As part of the Gateway 2020 blueprint, the port is also giving emphasis to cargo diversification. In this regard, it signed a feasibility agreement with SSA Marine and its wholly-owned subsidiary Western Stevedoring to explore the viability of a breakbulk and bulk import/export terminal on the south shore of Kaien Island. The 80-hectare facility in an area which is already home to several small bulk terminals would be adjacent to CN’s mainline.
In another major initiative, this spring, the Port of Prince Rupert announced an expansion project for containerized cargo on Ridley Island that will help crops from the Canadian agricultural industry reach international markets while broadening intermodal logistics capacities at the Port of Prince Rupert.
Ray-Mont Logistics is developing an integrated logistics and container loading operation – slated for completion this coming fall - at the south end of the Ridley Island Industrial Site on the recently-constructed Road, Rail and Utility Corridor.
The operation will involve pulses and cereals (such as lentils, peas, beans, soybeans, flax, and wheat) as well as other specialty agricultural crops transported in hopper cars by rail from Western and Central Canada and the US Midwest. The cargo will be transferred to ocean containers for export via the Fairview Container Terminal.

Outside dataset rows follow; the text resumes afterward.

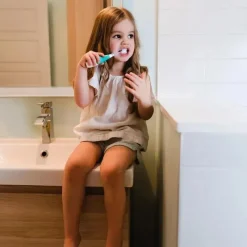 Bbluv Escova de dentes sônica de 2 estágios Sonik para bebês e crianças pequenas, branca/acqua New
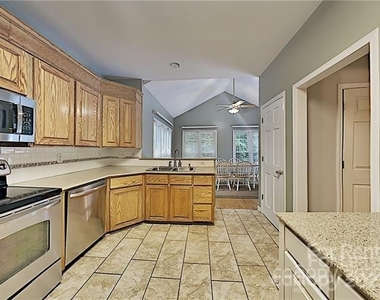 1049 Peachtree Lane - Photo Thumbnail 7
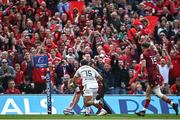 7 May 2022; Keith Earls of Munster scores his side's second try during the Heineken Champions Cup Quarter-Final match between Munster and Toulouse at Aviva Stadium in Dublin. Photo by Ramsey Cardy/Sportsfile
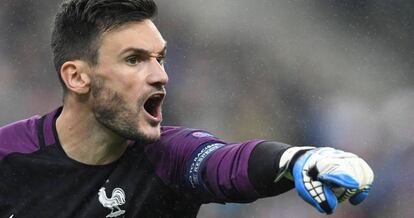 Lloris, durante el partido ante Islandia.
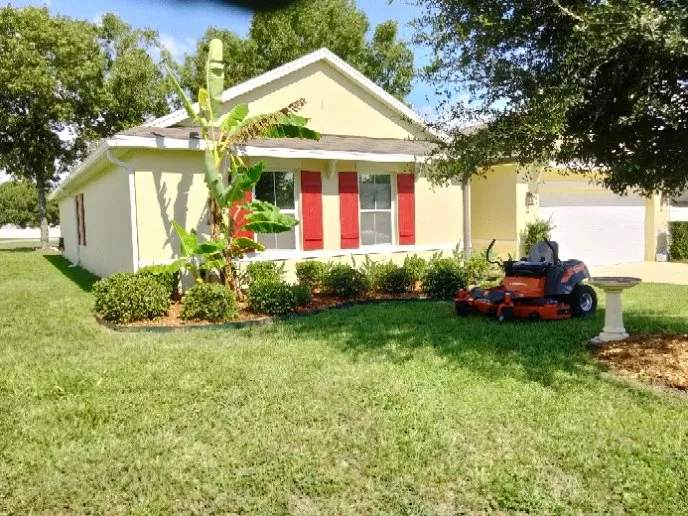 Professional yard cleanup service in Ocala, FL - Stevenson Landscape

This initiative has elicited positive response from shipping lines calling at Prince Rupert. “This is welcome news,” said a spokesperson for MSC, which has increased its transpacific services to Prince Rupert following last year’s demise of Hanjin.
The largest port on Vancouver Island, Nanaimo has been seeing steady growth in recent years. Total throughput in 2016 of 5.4 million tons represented a healthy spike from the 2015 volume of 4.4 million tons. And since 2010, the port has added 3 million tons to its overall volume.
The 2016 increase was chiefly due to a doubling of the number of raw log ships handled at the Assembly Wharf Terminal and a 21% jump in container cargo to 43,400 TEU.
Bernie Dumas, president and CEO of the Nanaimo Port Authority, notes that the port has invested nearly C$4 million in infrastructure over the past two years and in a mobile crane to meet the increased flow of ocean containers. “Further shortsea investments are planned at our Duke Point Terminal in the coming years to address the international cargo needs of Vancouver Island.”